As for the ingredients used, they are always disgusting. Fish roe, lobster brains, squid ink, you name it. When they have ducks around, they don't use the meat, like normal humans. Out come the beaks, feet, kidneys, heads, eyes, and similar offal. Where do these savages come from? Can't these people use things that don't induce vomiting, like vegetables, rice, and things that aren't so gooey? I know Japan is a seafood nation, but really, grow some damn asparagus and keep the show from looking like an unedited episode of Quincy.
The commentary is amusingly dubbed into English, for us thick American viewers.

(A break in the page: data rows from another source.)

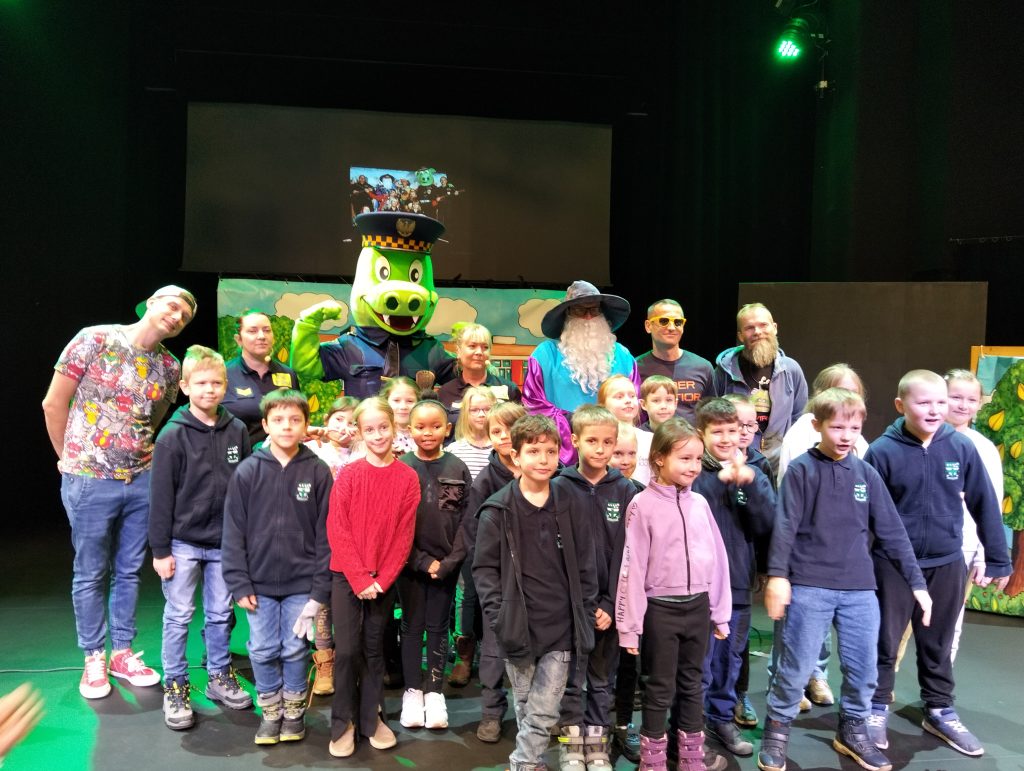 Opowieść o tym jak Czarodziej i Smok pokonali Cyberbestiora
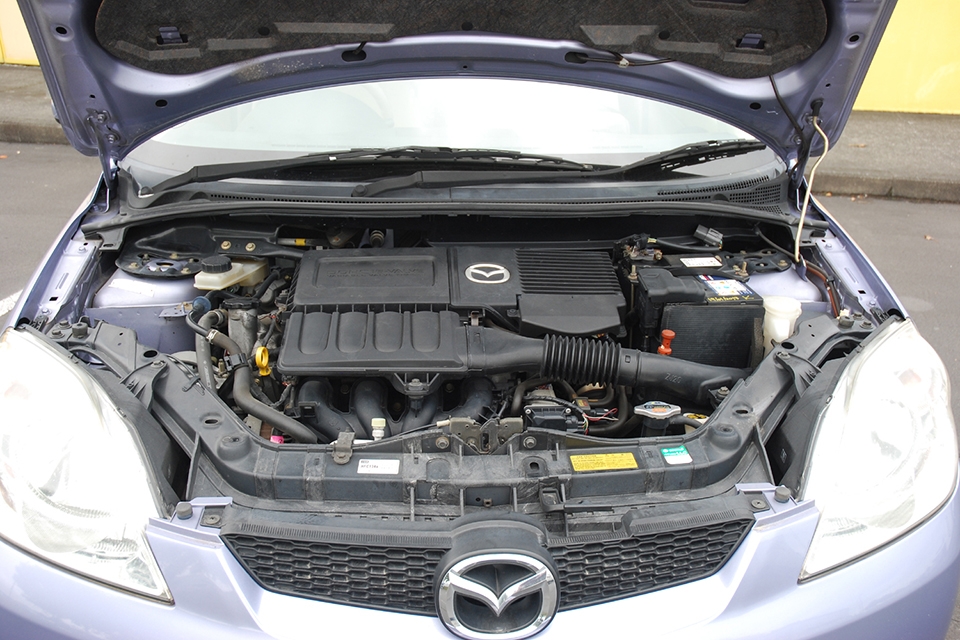 Mazda Demio 2005 Engine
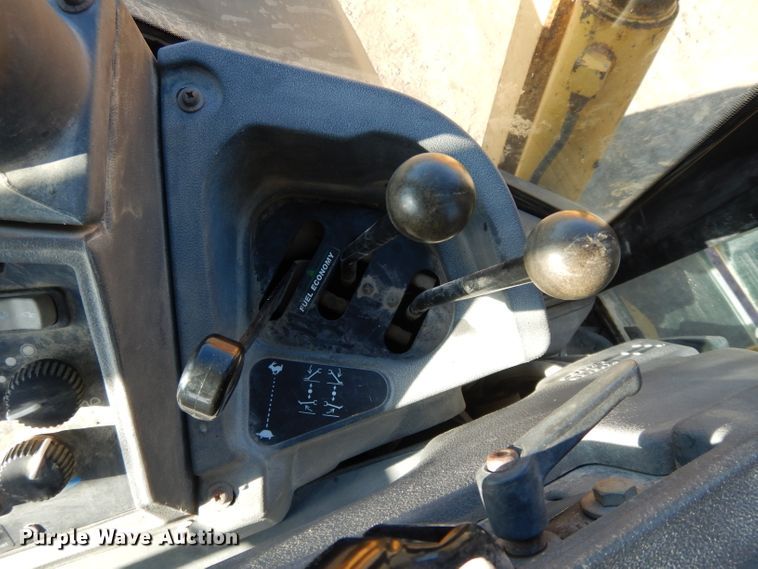 image for item DL2691 2005 John Deere 410G  backhoe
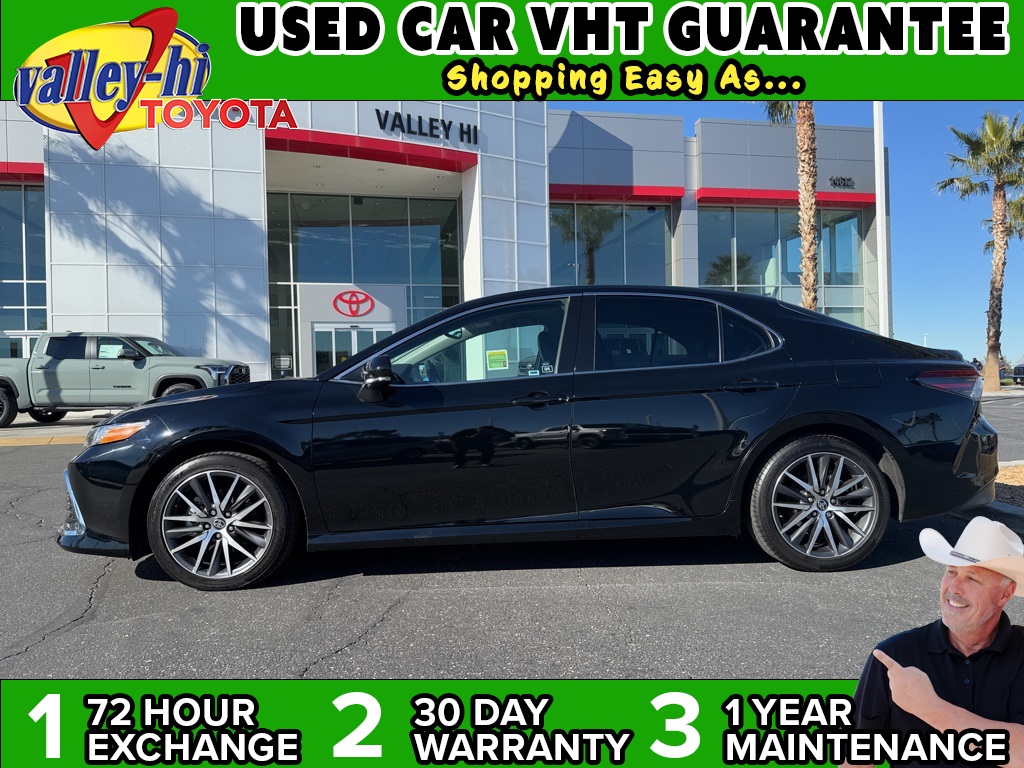 2024 Toyota Camry XLE's photo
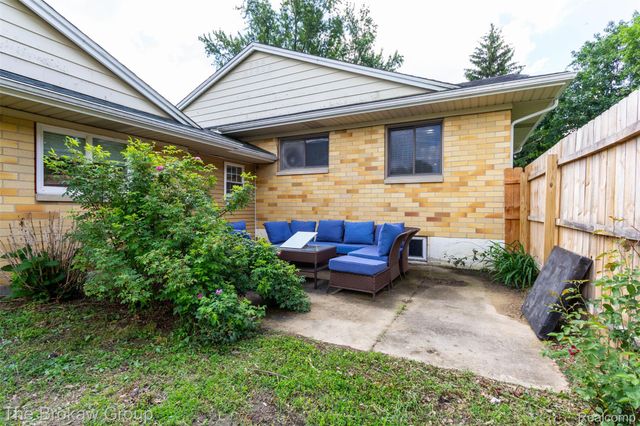 7272 N Lapeer Road, Rich Township, MI 48435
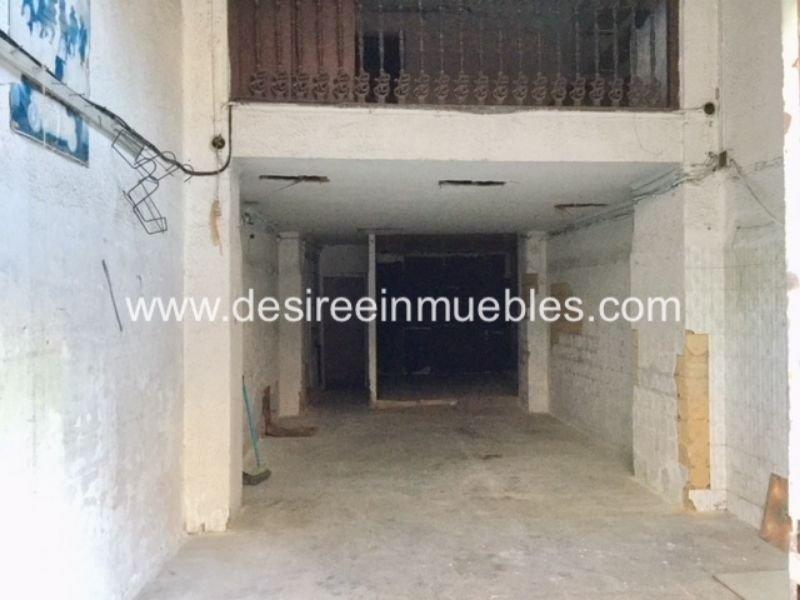 Venda de local comercial em Valencia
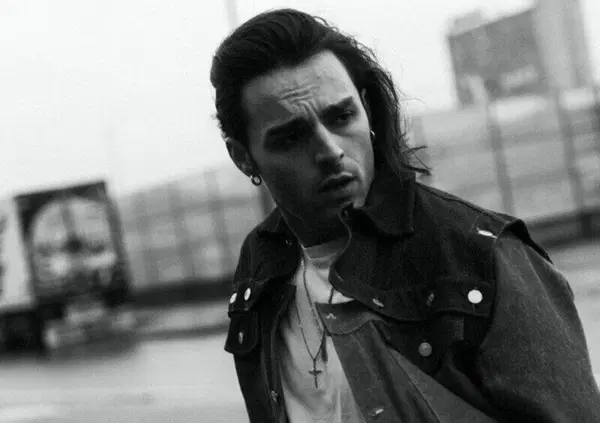 Ho ascoltato Gemelli di Ernia e sono diventata schizofrenica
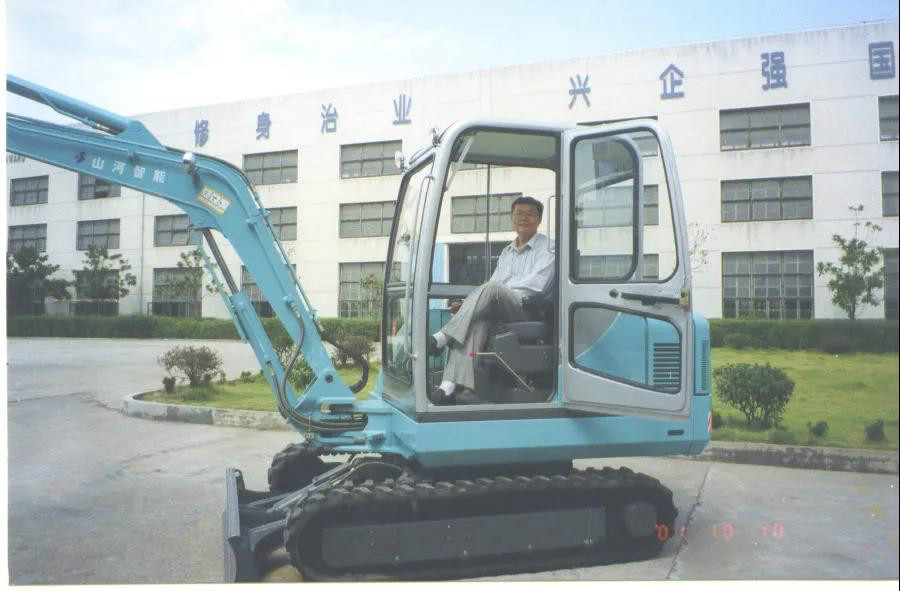 以先导式立异实现挖掘机从无到有，，，，，，，，从小到大，，，，，，，，从大到强！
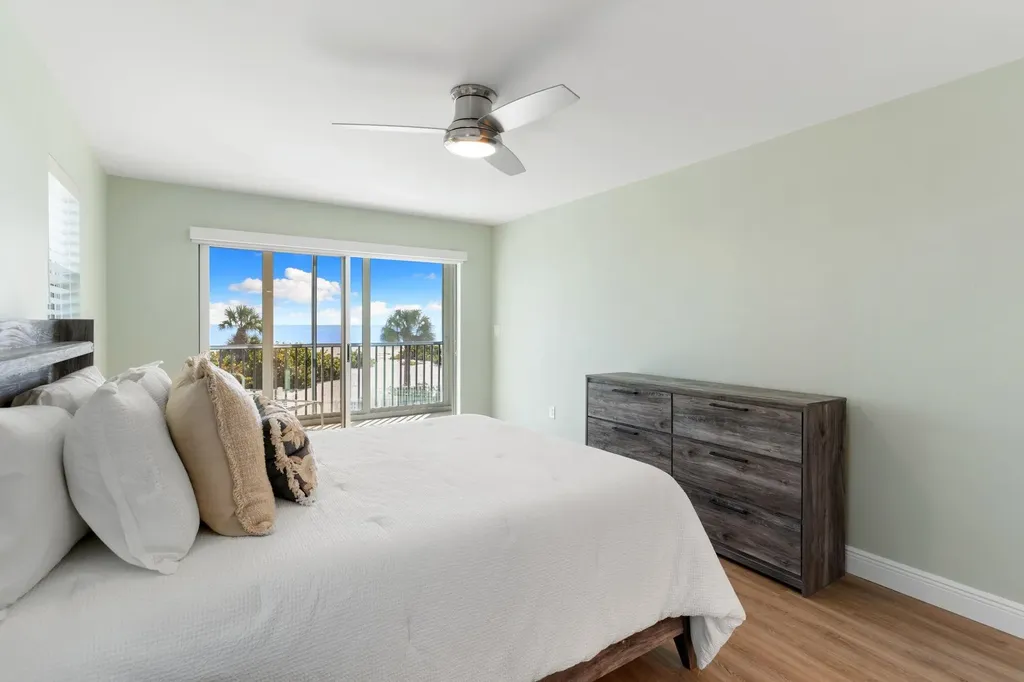 3049 W Gulf Drive Sanibel FL 33957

The voice actors that replace the original dialogue always go overboard. Really, do we need things like laughter to be redubbed into English? It sounds incredibly embarrassing. The original lead commentator, Kenji Fukui, is constantly, constantly, constantly, interrupted by a supposed roving floor reporter named Ohta. Ohta constantly breaks into the running commentary by saying "Fukui San?". I've counted upwards of 50 interruptions during the course of 40+ minutes of program time. If Ohta's interruptions were to be turned into a drinking game, I'd be plastered by the 20 minute mark. I invite others to try it, but I know I wouldn't last. It's painfully oppressive. I'm also suspicious of this Ohta guy even really being on the floor during the competition. I've never seen him out there on the cooking floor during the competition, only during interviews.
Upon the completion of cooking, the plates are submitted to the judges for commentary. The judge's panel is normally comprised of local Japanese actors, actresses, artists, and some crone introduced as a "fortune teller". Upon the tasting, the judges overuse the words "flavor", "salty", or "spicy". After the tasting, the winner is determined - or not. Sometimes, there's a tie, and guess what - that means they go into overtime! Worse yet, the overtime isn't edited into the original episode, it comes in a later broadcast! Thanks for leaving us hanging. Shut up and eat your sea urchin.

Storm Chasers
A new favorite show of mine from the Discovery Channel, it chronicles the ongoing quests of several tornado chasing teams as they traverse the featureless terrain of tornado alley during the summer storm season. Season after season, a poor bastard named Sean Casey tries to drive his tank-like "Tornado Intercept Vehicle" (TIV) into the middle of a tornado, with the intention of finishing an IMAX film, into which he has already sunk oodles of money. Unfortunately, Casey's TIV is guided by the apparently hapless tornado scientist Josh Wurman, who, despite his doctorate and years of expertise, can't seem to successfully guide Casey into that ultimate moment of intercepting a tornado. Come on already, Wurman's got a doppler radar unit in his vehicle, and he still can't lead Casey into a tornado after five years? Something must be said for the level of expertise here.
Conversely, a "rival" team of chasers, who merely seek to film tornadoes and sell the footage to news stations, is headed by an ambitious guy named Reed Tiller, who was actually one of Wurman's students. This team can't seem to miss tornadoes, in that they find themselves trying to escape them more than find them. Wouldn't Casey's IMAX project be best served by following this team? I don't get it. Regardless, I keep tuning in each week to see if Casey might finally get his ultimate tornado footage, though it seems like a destiny unfulfilled. Now the season finale is upon us, and I doubt he'll get his wish.

The Girls Next Door
Yes, yet another disturbing reality show. This one showcases the three (soon to be booted) blond girlfriends that live as sycophants, concubines, and attendants to the old and dirty Hugh Hefner. Some males hate the show out of jealousy, because the ol' bastard has everything he wants in the world, including his harem. Other males like the show, perhaps to live out personal fantasies or something. I have yet to figure out why anyone would want to watch an old fart have unlimited sexual access to young girls in a mansion that most people couldn't afford to see, let alone visit or purchase. Now Hef has roped in a set of twins, though apparently the original three girls, while they are likely out of the Hef bedroom, have signed onto another season of this tripe. I don't understand it, like it, or care about it, and frankly can't wait for Hefner to just finally die. I mean, really, this guy looks like an ash tray after a long poker night. I can't even say "Dry up and die already", because he's already completed step one. Let's go with step two.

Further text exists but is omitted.